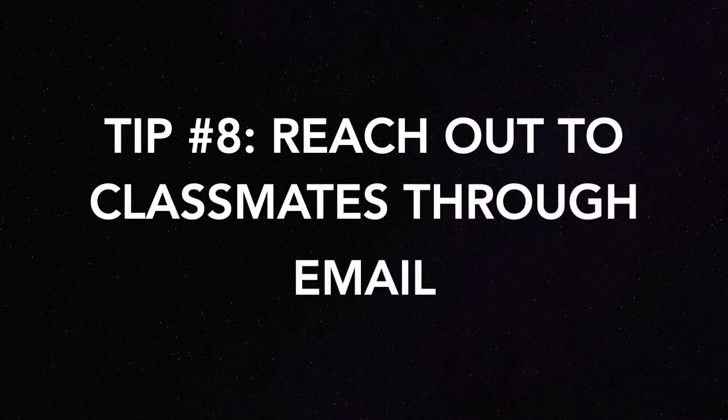Tip number eight is reach out to your classmates through email. Although we like to be on top of things, sometimes we're completely lost. If you're struggling and your TA or professor isn't getting back to you, try emailing one of your classmates. Given that we can't really meet people in person, it's important to have some communication with others in your class — to bounce ideas off each other, remind each other when things are due, and honestly just have a great support system.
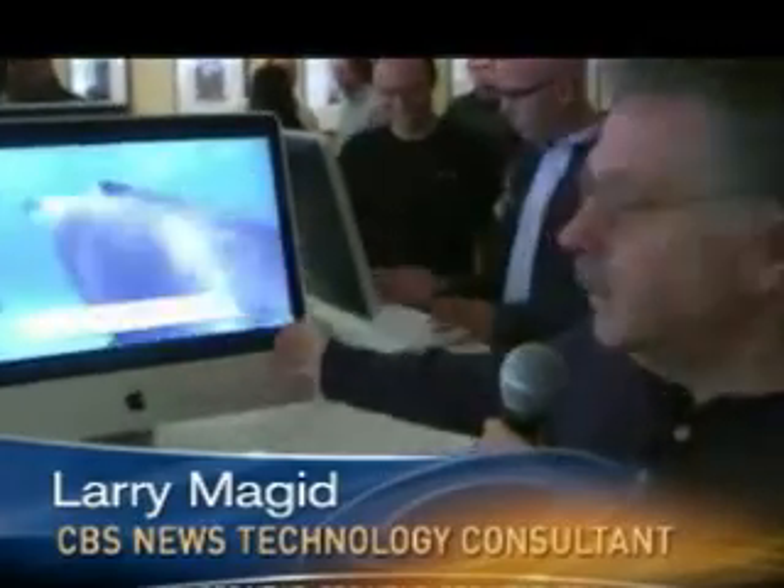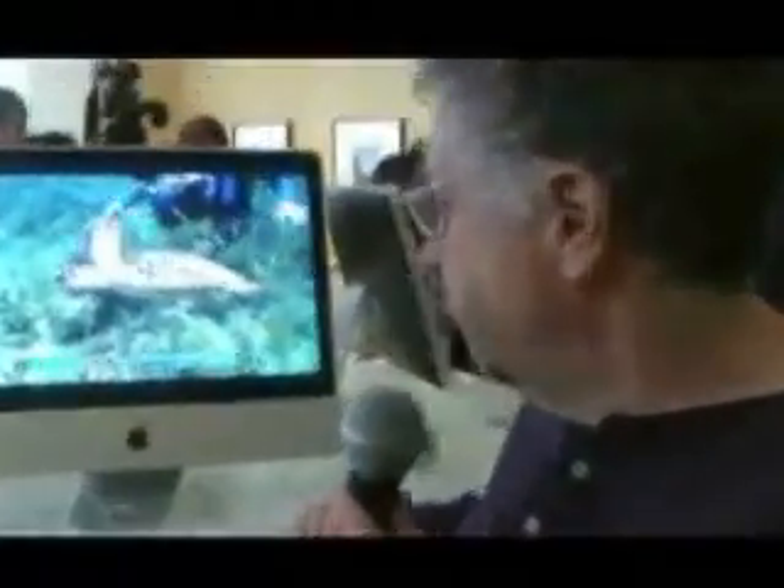Apple introduced today some new Macs and some new software. The new Macs, as you can see, are a little bit sleeker. They're all aluminum, all glass. No revolutionary changes. The keyboards are certainly thinner. So I think that it's basically an industrial design improvement.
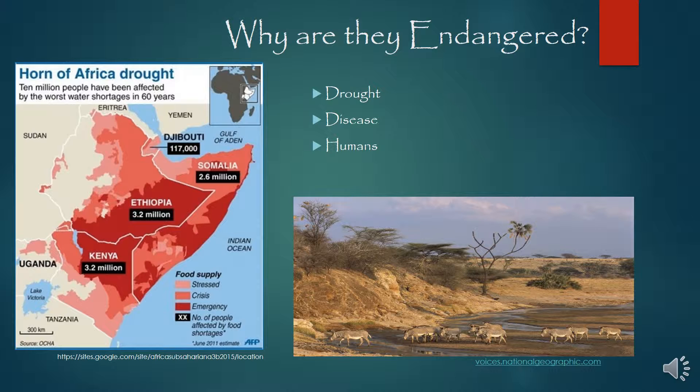Drought has also contributed to loss of habitat as well as disease. Anthrax actually lives in the soil and the spores become activated during times of drought, so you'll often see an anthrax outbreak either during a drought or shortly thereafter. It's also been observed that deforestation has contributed to how severe droughts have been — they've been more severe without that forest cover.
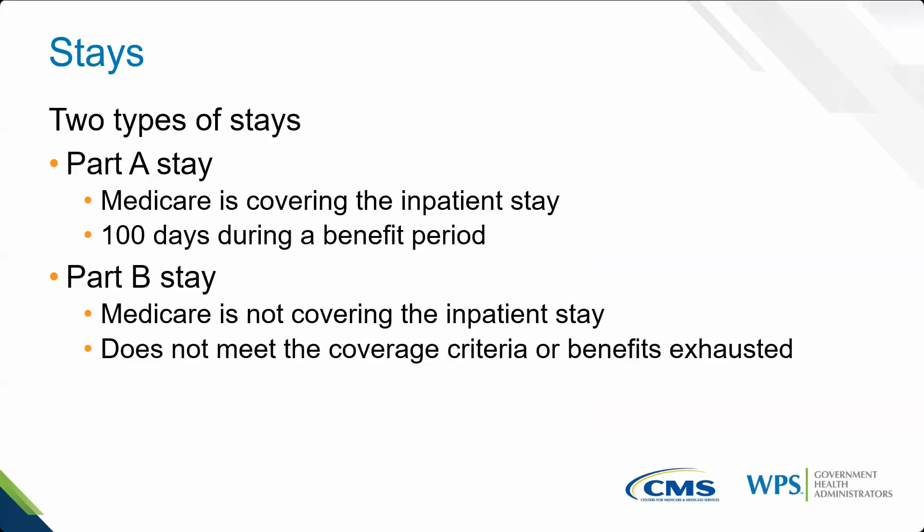When we talk about a SNF, we talk about stays — a Part A stay and a Part B stay. A Part A stay is during a benefit period — a total measurement of Part A inpatient stays. For a SNF, Medicare pays 100 days. It doesn't mean consecutive days; a new benefit period requires a 60-day inpatient break. Once you reach 100 days, Medicare no longer pays room and nursing charges under Part A. Instead, certain things are still payable under Part B — like outpatient rehab therapy, certain drugs, certain visits, and other services.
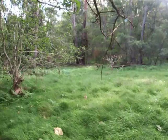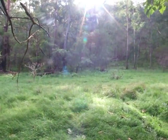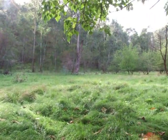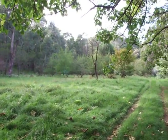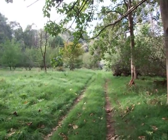All of this open space that Catherine used to call the daddy paddocks — before the blackberries were removed — is still in beautiful condition and has greened up very nicely.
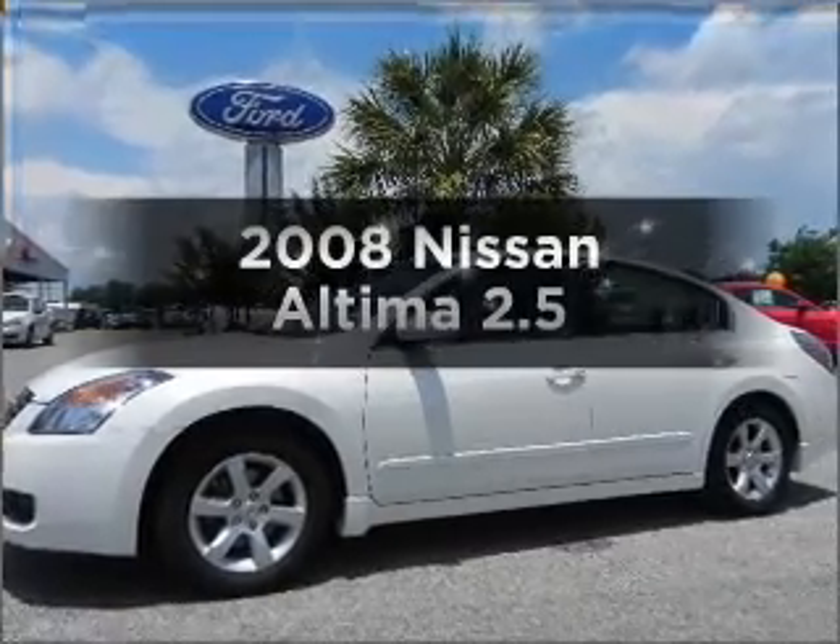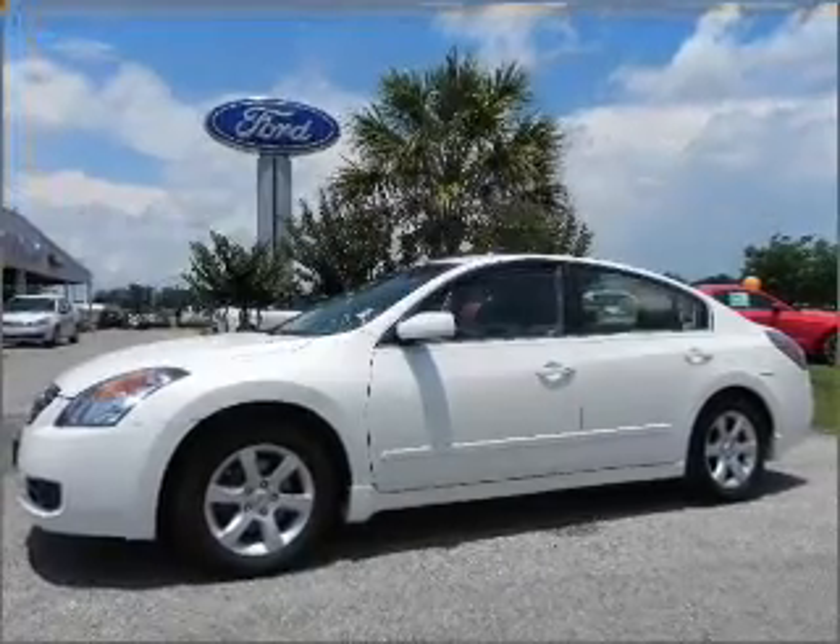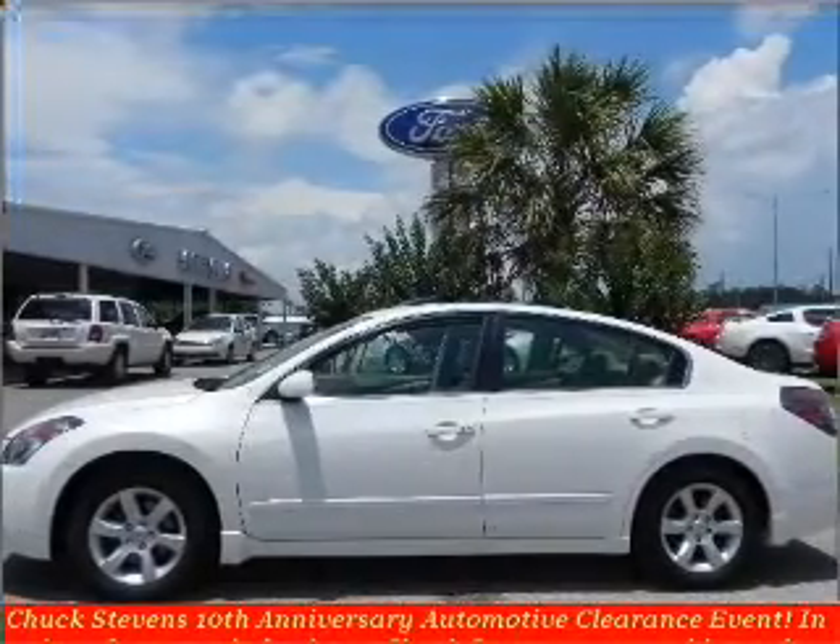Get noticed in this 2008 Nissan Altima. This is the set of wheels you've been looking for.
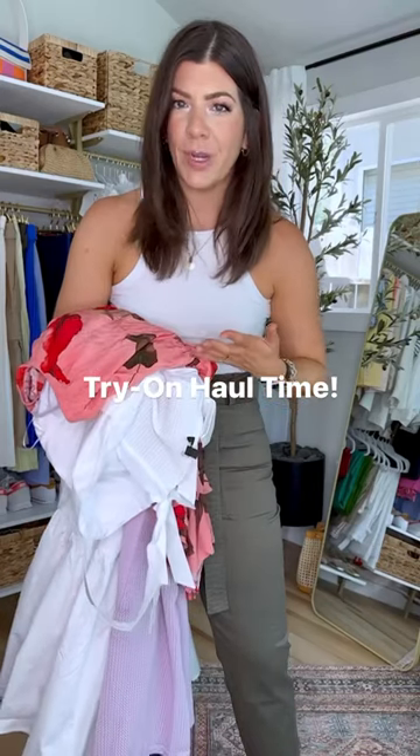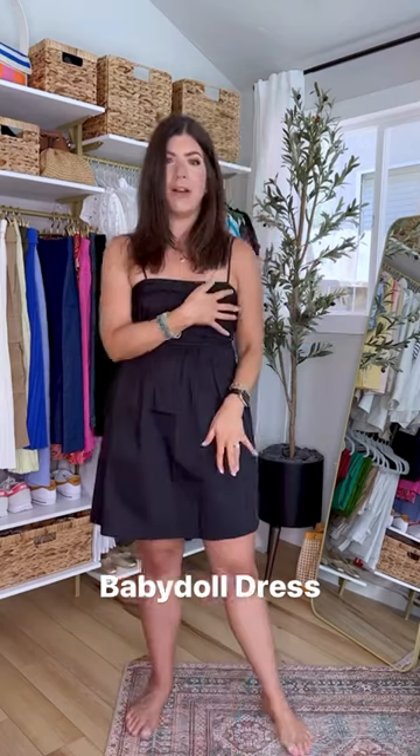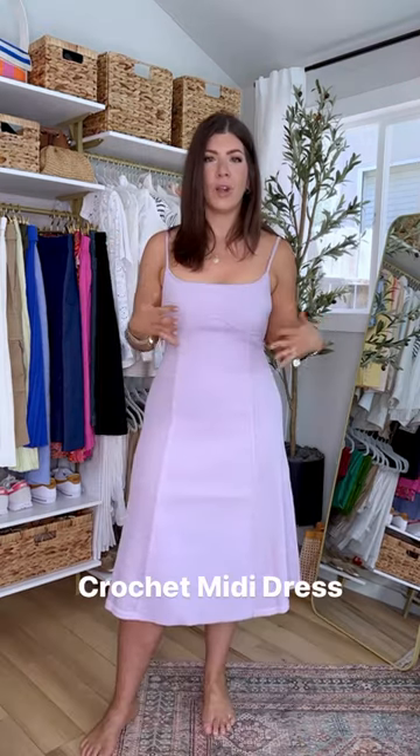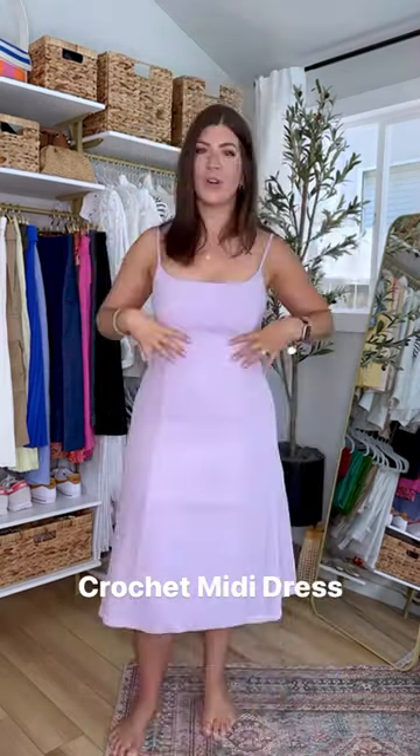I have a few new things in from Express — let's try one. Baby doll dress. The straps are adjustable and have these cute ties. Love this cummerbund style detail. Summer wedding ready. This is really adorable — a little bit more dressed up than a typical crochet dress. The straps are adjustable to a corset style without actually being too on the nose.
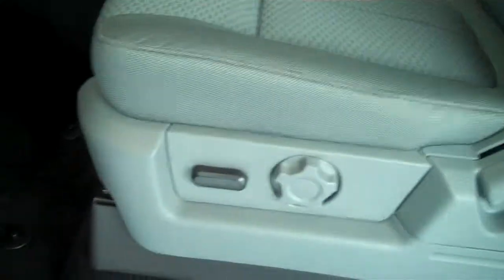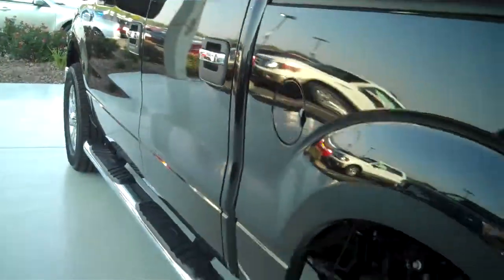It has power windows, power door locks, power mirrors, and power seats on the driver's side. This is a six passenger vehicle, it has a full split bench seat in the back. The truck also has a trailer towing package.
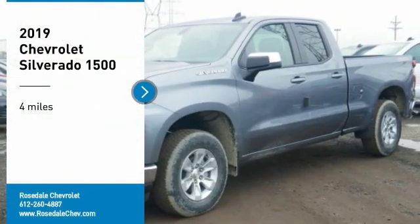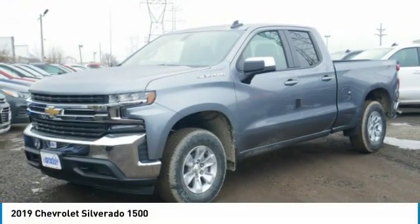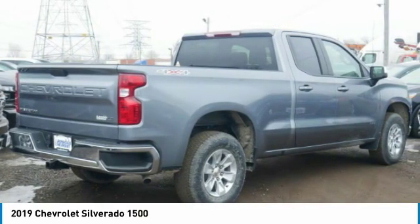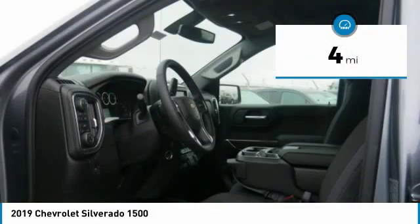Looking for the right vehicle? Check out the 2019 Chevy Silverado 1500. The Chevy Silverado 1500 has the lowest cost of ownership of any full-size pickup. This vehicle has less than 100 miles.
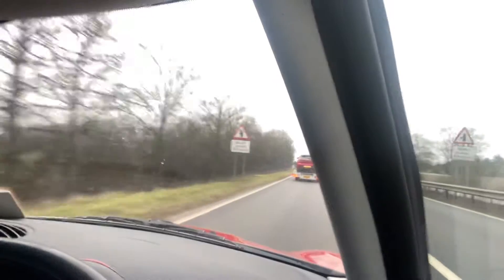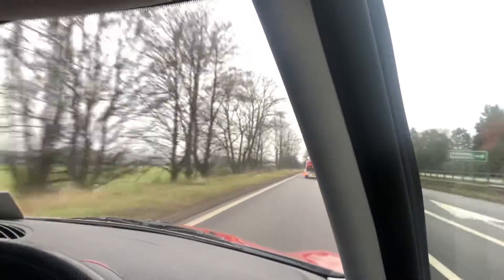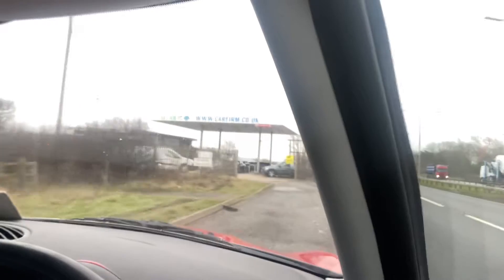We do offer it with extended warranty options, and we can take part exchange. I'd recommend the paint protection to keep this red looking as lovely as it does. Brakes are all secure on it.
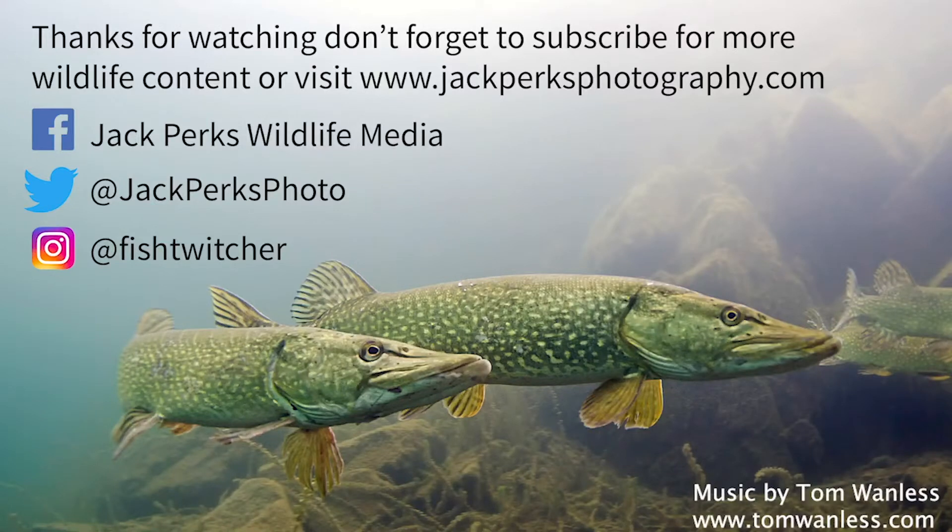Thanks for watching, don't forget to like, share and subscribe, and why not check out all of the fact files here. Until next time, cheers!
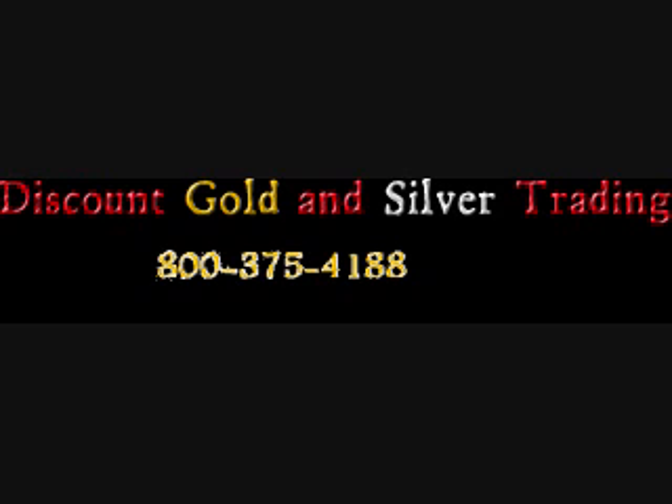Ask Bob what the unemployment rate would be if no one were working and no one were looking for work. Joe thinks it would be 0%, and he says that's why West Virginia has one of the lowest unemployment rates in the nation.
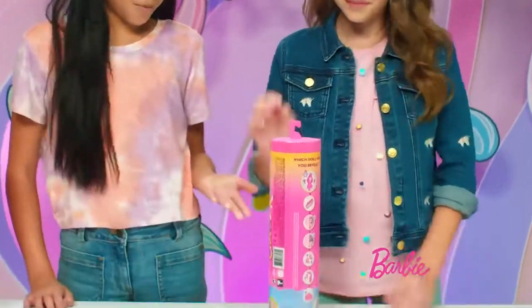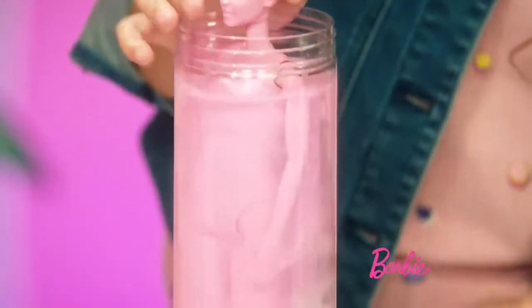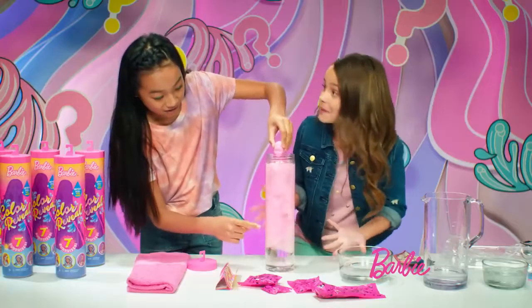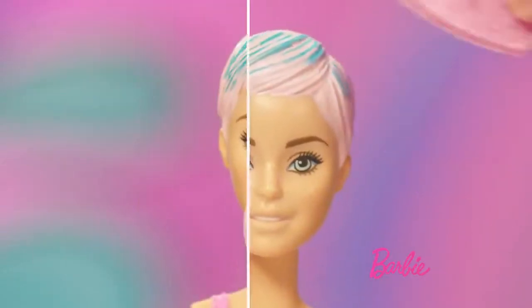Today, we're going to be showing you Barbie Color Reveal! Prepare to be amazed. See it whirling and swirling? It looks like magic. Let's open the surprise pack. Cool, she transformed.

**BRIEF:** Images in the data above are to be skipped. Retype all other material exactly.

**EXERCISE SOLUTION:**
Tip number eight is reach out to your classmates through email. Although we like to be on top of things, sometimes we're completely lost. If you're struggling and your TA or professor isn't getting back to you, try emailing one of your classmates. Given that we can't really meet people in person, it's important to have some communication with others in your class — to bounce ideas off each other, remind each other when things are due, and honestly just have a great support system.
Apple introduced today some new Macs and some new software. The new Macs, as you can see, are a little bit sleeker. They're all aluminum, all glass. No revolutionary changes. The keyboards are certainly thinner. So I think that it's basically an industrial design improvement.
Drought has also contributed to loss of habitat as well as disease. Anthrax actually lives in the soil and the spores become activated during times of drought, so you'll often see an anthrax outbreak either during a drought or shortly thereafter. It's also been observed that deforestation has contributed to how severe droughts have been — they've been more severe without that forest cover.
When we talk about a SNF, we talk about stays — a Part A stay and a Part B stay. A Part A stay is during a benefit period — a total measurement of Part A inpatient stays. For a SNF, Medicare pays 100 days. It doesn't mean consecutive days; a new benefit period requires a 60-day inpatient break. Once you reach 100 days, Medicare no longer pays room and nursing charges under Part A. Instead, certain things are still payable under Part B — like outpatient rehab therapy, certain drugs, certain visits, and other services.
All of this open space that Catherine used to call the daddy paddocks — before the blackberries were removed — is still in beautiful condition and has greened up very nicely.
Get noticed in this 2008 Nissan Altima. This is the set of wheels you've been looking for.
I have a few new things in from Express — let's try one. Baby doll dress. The straps are adjustable and have these cute ties. Love this cummerbund style detail. Summer wedding ready. This is really adorable — a little bit more dressed up than a typical crochet dress. The straps are adjustable to a corset style without actually being too on the nose.
It has power windows, power door locks, power mirrors, and power seats on the driver's side. This is a six passenger vehicle, it has a full split bench seat in the back. The truck also has a trailer towing package.
Looking for the right vehicle? Check out the 2019 Chevy Silverado 1500. The Chevy Silverado 1500 has the lowest cost of ownership of any full-size pickup. This vehicle has less than 100 miles.
We do offer it with extended warranty options, and we can take part exchange. I'd recommend the paint protection to keep this red looking as lovely as it does. Brakes are all secure on it.
Thanks for watching, don't forget to like, share and subscribe, and why not check out all of the fact files here. Until next time, cheers!
Ask Bob what the unemployment rate would be if no one were working and no one were looking for work. Joe thinks it would be 0%, and he says that's why West Virginia has one of the lowest unemployment rates in the nation.
Today, we're going to be showing you Barbie Color Reveal! Prepare to be amazed. See it whirling and swirling? It looks like magic. Let's open the surprise pack. Cool, she transformed.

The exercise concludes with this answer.